My students need crow beads from the Wandering Bull website, with which to weave our version of wampum belts.
FULLY FUNDED! Ms. Dobkin's classroom raised $108
This project is fully funded
My Students
"Where did the Lenape go?," There are very few resources in our area to help my students answer this question. Although the Lenape tribe inhabited our area for thousands of years pre-European colonization, there are no Lenape museums or monuments in our area, and precious few useful books in print.
My students are both multiracial and multiethnic, and of differing abilities and socioeconomic backgrounds.
They live in a large city in New York State, and attend a small, progressive public school. Because there are so few Lenape resources in our area, we the teachers have to cull from many sources in order to provide a rich history curricula for our students. One way that we do this is to provide hands-on learning experiences for our students.
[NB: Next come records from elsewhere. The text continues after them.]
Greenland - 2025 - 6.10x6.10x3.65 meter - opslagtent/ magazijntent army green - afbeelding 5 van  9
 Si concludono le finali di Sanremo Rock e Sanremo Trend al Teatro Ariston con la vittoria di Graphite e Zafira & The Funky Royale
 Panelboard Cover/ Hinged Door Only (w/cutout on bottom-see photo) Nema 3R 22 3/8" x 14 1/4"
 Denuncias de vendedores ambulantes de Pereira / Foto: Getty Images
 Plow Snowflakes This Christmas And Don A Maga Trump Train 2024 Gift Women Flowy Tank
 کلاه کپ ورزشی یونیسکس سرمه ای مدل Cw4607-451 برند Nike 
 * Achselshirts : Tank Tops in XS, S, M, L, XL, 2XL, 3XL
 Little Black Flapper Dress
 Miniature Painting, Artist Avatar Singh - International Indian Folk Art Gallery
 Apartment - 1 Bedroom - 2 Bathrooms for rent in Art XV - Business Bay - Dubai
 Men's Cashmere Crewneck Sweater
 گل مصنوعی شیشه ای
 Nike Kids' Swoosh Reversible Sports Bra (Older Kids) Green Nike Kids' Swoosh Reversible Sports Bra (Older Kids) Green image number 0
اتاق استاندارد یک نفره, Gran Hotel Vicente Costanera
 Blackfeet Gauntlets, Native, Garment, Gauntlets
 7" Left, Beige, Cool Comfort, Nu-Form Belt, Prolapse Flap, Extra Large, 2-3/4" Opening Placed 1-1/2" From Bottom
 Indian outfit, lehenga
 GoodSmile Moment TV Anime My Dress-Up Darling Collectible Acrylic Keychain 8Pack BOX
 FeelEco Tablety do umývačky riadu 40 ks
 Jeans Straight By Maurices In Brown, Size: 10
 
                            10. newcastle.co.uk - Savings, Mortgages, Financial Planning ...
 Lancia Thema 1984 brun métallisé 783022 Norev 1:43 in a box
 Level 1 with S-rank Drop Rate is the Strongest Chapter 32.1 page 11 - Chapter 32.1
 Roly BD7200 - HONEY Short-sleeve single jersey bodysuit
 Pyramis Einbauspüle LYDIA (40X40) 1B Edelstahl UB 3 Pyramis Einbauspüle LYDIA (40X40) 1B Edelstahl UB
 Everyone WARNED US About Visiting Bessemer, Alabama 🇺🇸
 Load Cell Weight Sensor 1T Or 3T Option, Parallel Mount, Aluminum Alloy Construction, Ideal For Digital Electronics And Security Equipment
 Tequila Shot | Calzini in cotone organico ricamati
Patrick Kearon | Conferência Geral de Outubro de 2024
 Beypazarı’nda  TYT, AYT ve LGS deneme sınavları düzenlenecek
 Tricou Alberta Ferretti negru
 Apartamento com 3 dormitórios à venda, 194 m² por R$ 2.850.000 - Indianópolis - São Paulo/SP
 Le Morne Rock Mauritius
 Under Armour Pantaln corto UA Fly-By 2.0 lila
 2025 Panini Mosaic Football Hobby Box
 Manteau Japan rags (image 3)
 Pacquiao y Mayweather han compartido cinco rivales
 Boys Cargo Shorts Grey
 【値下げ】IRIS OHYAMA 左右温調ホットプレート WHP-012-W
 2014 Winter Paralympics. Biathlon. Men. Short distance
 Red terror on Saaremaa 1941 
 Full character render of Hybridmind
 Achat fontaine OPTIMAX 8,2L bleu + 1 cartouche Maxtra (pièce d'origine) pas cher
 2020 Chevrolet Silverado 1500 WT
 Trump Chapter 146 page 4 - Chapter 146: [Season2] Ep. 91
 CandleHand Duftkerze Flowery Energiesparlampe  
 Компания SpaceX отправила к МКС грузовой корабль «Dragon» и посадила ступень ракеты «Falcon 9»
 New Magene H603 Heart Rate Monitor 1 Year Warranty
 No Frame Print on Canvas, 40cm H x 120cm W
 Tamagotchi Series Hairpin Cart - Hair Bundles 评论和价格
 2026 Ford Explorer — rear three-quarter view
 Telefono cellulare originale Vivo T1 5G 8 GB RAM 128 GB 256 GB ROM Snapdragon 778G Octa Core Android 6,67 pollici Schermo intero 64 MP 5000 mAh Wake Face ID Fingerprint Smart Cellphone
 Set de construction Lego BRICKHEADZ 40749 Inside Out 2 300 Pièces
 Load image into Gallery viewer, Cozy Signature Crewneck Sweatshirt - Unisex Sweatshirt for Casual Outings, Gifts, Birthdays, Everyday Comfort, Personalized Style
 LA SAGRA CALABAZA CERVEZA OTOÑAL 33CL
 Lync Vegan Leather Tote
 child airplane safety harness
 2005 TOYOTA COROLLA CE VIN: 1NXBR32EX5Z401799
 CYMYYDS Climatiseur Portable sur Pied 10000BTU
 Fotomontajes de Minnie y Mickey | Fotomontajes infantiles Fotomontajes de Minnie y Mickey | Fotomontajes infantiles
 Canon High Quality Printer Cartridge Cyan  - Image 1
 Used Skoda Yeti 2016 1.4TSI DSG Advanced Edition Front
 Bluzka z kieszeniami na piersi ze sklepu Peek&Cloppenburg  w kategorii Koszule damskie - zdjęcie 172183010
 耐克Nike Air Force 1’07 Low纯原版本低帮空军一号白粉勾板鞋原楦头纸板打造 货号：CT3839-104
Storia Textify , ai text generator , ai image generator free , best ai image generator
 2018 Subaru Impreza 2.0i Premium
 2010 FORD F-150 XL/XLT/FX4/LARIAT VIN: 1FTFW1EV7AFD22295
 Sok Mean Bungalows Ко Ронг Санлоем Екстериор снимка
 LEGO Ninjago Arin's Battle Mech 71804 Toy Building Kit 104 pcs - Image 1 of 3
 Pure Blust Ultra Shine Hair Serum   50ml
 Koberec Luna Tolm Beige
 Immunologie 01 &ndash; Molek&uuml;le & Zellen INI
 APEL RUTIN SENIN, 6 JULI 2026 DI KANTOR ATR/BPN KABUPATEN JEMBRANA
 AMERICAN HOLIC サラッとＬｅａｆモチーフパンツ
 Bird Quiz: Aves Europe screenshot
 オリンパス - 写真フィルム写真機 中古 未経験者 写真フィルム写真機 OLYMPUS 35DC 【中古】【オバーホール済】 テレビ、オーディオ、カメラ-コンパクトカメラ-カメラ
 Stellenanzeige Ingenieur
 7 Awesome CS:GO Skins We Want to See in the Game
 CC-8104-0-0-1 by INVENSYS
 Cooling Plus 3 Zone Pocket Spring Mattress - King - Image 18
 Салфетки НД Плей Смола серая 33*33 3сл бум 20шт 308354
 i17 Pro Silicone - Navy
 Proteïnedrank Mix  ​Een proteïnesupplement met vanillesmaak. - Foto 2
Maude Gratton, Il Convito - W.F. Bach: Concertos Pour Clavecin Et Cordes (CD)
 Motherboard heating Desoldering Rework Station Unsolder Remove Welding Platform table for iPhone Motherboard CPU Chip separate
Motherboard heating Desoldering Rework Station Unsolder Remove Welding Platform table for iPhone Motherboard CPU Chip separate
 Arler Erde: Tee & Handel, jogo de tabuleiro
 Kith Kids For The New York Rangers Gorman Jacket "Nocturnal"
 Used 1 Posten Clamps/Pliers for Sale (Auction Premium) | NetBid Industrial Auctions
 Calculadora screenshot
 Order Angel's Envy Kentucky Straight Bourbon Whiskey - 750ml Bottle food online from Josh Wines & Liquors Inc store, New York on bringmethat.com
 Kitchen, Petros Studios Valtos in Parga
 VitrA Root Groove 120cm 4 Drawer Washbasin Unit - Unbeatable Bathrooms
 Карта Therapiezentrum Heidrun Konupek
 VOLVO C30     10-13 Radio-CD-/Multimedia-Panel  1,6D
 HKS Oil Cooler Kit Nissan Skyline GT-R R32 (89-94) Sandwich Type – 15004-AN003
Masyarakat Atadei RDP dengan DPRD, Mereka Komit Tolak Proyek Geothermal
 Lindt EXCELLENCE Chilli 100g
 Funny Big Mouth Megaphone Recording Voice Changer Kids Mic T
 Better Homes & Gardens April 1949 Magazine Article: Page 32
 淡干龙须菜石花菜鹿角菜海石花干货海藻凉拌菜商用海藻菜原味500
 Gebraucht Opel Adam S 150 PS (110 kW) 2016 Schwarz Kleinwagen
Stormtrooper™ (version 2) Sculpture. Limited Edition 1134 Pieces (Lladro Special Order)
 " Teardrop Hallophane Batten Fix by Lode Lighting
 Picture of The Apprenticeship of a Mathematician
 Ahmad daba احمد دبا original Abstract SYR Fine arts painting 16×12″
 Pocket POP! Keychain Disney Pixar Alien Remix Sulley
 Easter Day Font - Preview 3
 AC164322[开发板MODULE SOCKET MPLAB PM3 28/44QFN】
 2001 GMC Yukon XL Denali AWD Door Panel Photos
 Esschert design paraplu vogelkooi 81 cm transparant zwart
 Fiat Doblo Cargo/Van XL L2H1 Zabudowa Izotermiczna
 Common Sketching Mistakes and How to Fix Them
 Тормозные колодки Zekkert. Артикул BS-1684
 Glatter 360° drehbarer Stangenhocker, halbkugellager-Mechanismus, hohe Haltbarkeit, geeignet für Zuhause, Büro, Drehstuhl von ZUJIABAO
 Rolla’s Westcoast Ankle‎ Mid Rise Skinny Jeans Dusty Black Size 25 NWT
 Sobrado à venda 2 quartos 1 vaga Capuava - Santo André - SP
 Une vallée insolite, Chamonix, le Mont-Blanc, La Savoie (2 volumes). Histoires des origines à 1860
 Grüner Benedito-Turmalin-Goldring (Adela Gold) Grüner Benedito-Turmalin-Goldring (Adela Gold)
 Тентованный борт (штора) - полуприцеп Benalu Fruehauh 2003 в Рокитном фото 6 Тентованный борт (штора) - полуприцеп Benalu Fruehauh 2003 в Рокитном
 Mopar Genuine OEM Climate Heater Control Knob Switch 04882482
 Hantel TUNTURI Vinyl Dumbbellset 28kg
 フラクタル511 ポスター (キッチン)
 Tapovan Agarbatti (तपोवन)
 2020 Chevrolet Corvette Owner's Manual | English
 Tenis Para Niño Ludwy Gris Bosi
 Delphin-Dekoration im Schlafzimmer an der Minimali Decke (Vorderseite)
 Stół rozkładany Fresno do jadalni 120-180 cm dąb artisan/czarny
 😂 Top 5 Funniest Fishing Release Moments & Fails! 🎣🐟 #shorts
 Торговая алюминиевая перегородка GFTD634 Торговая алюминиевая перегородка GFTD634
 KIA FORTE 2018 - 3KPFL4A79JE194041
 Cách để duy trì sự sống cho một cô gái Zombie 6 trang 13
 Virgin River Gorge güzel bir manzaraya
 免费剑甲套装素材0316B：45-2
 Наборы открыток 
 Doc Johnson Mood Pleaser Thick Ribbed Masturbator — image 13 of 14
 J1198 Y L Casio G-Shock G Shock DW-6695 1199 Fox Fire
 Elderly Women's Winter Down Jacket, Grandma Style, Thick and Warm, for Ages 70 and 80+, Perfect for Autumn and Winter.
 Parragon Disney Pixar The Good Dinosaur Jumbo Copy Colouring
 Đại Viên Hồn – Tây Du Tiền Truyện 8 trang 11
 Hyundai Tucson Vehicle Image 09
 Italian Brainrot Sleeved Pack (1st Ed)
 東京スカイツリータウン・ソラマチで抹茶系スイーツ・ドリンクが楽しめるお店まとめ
After reading from carefully selected historical fiction and informational books, we then do our best to have the students recreate the experience that they have been reading about and viewing in pictures. We always try to do so in a culturally sensitive manner. We don't give the children Native names or play-act Lenape customs. Instead, we try to use what we've learned about the original custom, and recreate it in a way that is true to the students' lives in the modern day.
My Project
One of our most popular projects is weaving our version of wampum bets. After the students read books, look at pictures and view PowerPoint presentations about wampum beads, they imagine and create a modern version of wampum. Wampum beads were originally used in bartering, and to express messages between villages and tribes. When purple wampum began being made, Northeast Woodland tribes started to weave white and purple wampum beads into belts with symbolic messages. Important events, such as peace treaties, declarations of war, and death announcements, were immortalized through these belts. Our students speculate about how their own families and society record similar events today. They then learn the wampum weaving technique using modern materials. Prior to weaving, they design a belt that bears a personal message. Rather than weaving a peace treaty message, a student may weave a message of peace between herself and a classmate.
I have been teaching for more than a decade, and during that time I have noticed that students learn the most through hands-on experiences, such as taking trips, drawing math models and acting out books.
Please help our class have a meaningful, hands-on experience of history this year!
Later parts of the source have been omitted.